Retinol is the superstar ingredient in anti-aging skincare. It helps reduce the appearance of fine lines and wrinkles, reduces large pores, repairs sun damage, and brightens a dull complexion. Retinol has been placed on a pedestal by skincare professionals and dermatologists as the gold standard in wrinkle defense.
However, the retinol ingredient does not come in one form. This can create confusion in the market as we try to figure out what really works, which one is best suited for use on skin, and which product actually contains the real deal. To ensure your skin looks younger and wrinkle free, you have to pick the right type of retinol.
Your skin actually uses retinoic acid—whether we talk of Retin-A, Retinoids or Retinol. Retinoic acid is a powerful and extremely effective cell renewal ingredient that enhances communication between skin cells and has the ability to connect to nearly any skin cell receptor site, and send messages to it on how to behave. For instance, it can tell tired worn out cells to behave like younger healthy cells hence the ability to enhance cell renewal for a healthier complexion.
Retinoic acid also acts as an antioxidant and can halt free-radical damage that causes premature aging and wrinkling, along with other signs of aging. It also boosts collagen production, fades pigmentation from sun damage, repairs discoloration, and is also believed to build elastin.

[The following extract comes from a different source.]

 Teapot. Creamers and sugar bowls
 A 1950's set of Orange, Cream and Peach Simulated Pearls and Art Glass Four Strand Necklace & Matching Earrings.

Over-the-counter products, or simply products which you can purchase from beauty stores without a prescription, contain Vitamin A derivatives, or Retinol in ester forms, which you’ll see in ingredients list in the product labels such as retinyl linoleate, retinyl palmitate, retinyl acetate, etc. These esters must first be converted into retinoic acid by the skin at the cellular level so that the skin can use them. The weaker esters must go through more conversions while the stronger esters go though fewer conversions. The less the conversions the better it works.
If you go to a plastic surgeon or a dermatologist or an esthetician, they can get you prescription based Retinoids which come in names like Tretinoin, Tazarotene or Retin-A. These contain a higher concentration of retinoic acid (up to 5% and higher) compared to other options that range between 0.5 to 2.5% concentrations.

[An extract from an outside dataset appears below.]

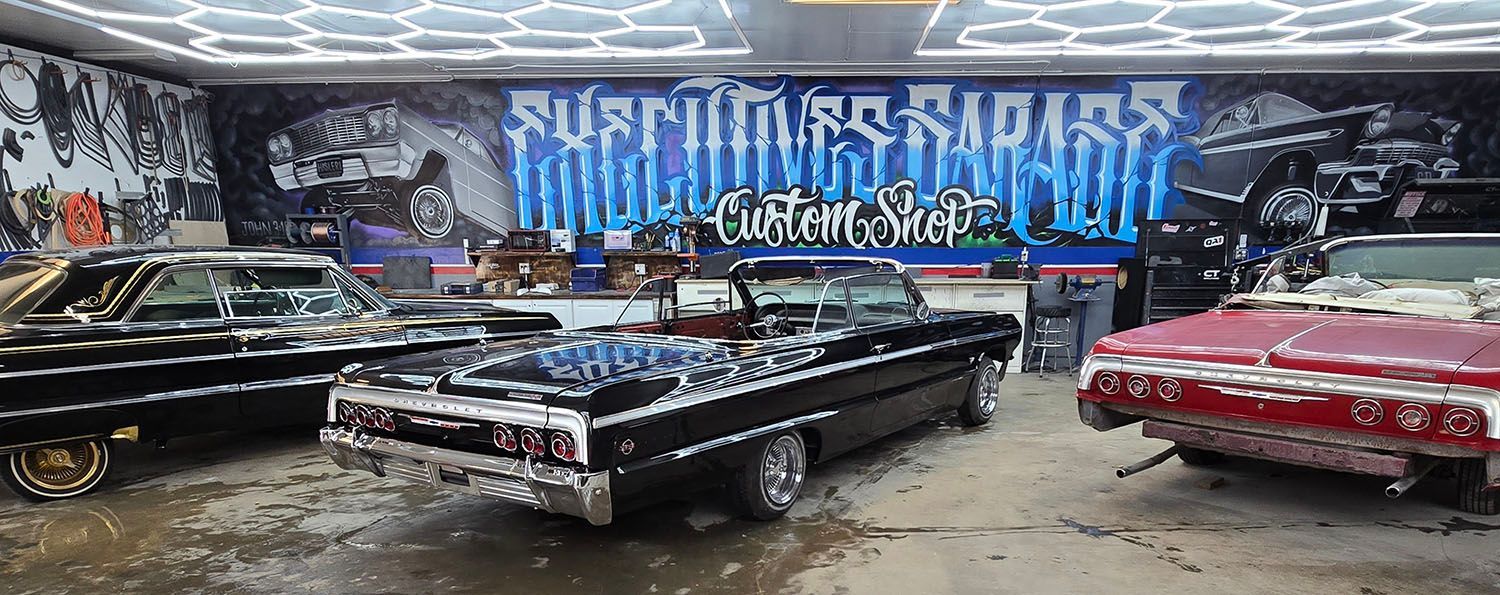 Classic lowrider cars parked before a mural reading “Nefarious Rituals” on a street wall.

Now, biochemically, whichever you use, retinols and retinoids function exactly the same way. The main difference is that retinols are weaker compared to retinoids and may take longer to work. However, with continued use of both ingredients, you will definitely see similar results in terms of reduced wrinkles and fine lines, refined skin texture and a more even skin tone. Since retinoic acid helps strengthen your skin barrier, your skin will have a higher capacity to protect itself from external aggressors and will be more resilient and healthier.
Now, here’s the thing…
Your skin may not tolerate prescription retinoids for long. These are meant to be used as treatment perhaps for a given duration to a given condition depending on the guidelines given to you by your dermatologist. This is why skincare products and cosmetics use retinol esters or Vitamin A derivatives because your skin will tolerate these longer and you’ll reap more from the benefits of retinol if your skin eases into it, and adjusts accordingly. Retinols and retinoids have almost similar effects when you first start to use them such as irritation, dryness, itch or redness, but your skin definitely becomes tolerant and adjusts over time. Even the most sensitive skin types can be ‘trained’ to do well with retinol and get its benefits.

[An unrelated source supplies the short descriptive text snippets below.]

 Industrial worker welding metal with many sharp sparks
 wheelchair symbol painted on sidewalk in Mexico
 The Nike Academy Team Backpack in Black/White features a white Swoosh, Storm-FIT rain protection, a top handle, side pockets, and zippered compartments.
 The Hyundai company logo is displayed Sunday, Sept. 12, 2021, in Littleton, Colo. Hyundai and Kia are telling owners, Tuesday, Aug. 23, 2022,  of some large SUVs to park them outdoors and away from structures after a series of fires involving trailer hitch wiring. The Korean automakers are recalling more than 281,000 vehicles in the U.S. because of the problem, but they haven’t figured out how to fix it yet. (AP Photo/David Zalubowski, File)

However, severe skin conditions like extreme and severe sun damage that has lasted for many years, and some severe forms of acne or other severe skin conditions might benefit better with more potent prescription retinoid treatments. If you’re simply interested in creating a skincare regimen that helps keep you youthful and wrinkle-free, retinol derivatives are your best bet. Start slowly and use retinol at night only as your skin gets used to it.
Retinol creams can be extremely useful not only for your face but also hands, neck and chest area. Remember a little goes a long way, and a pea size is enough per use.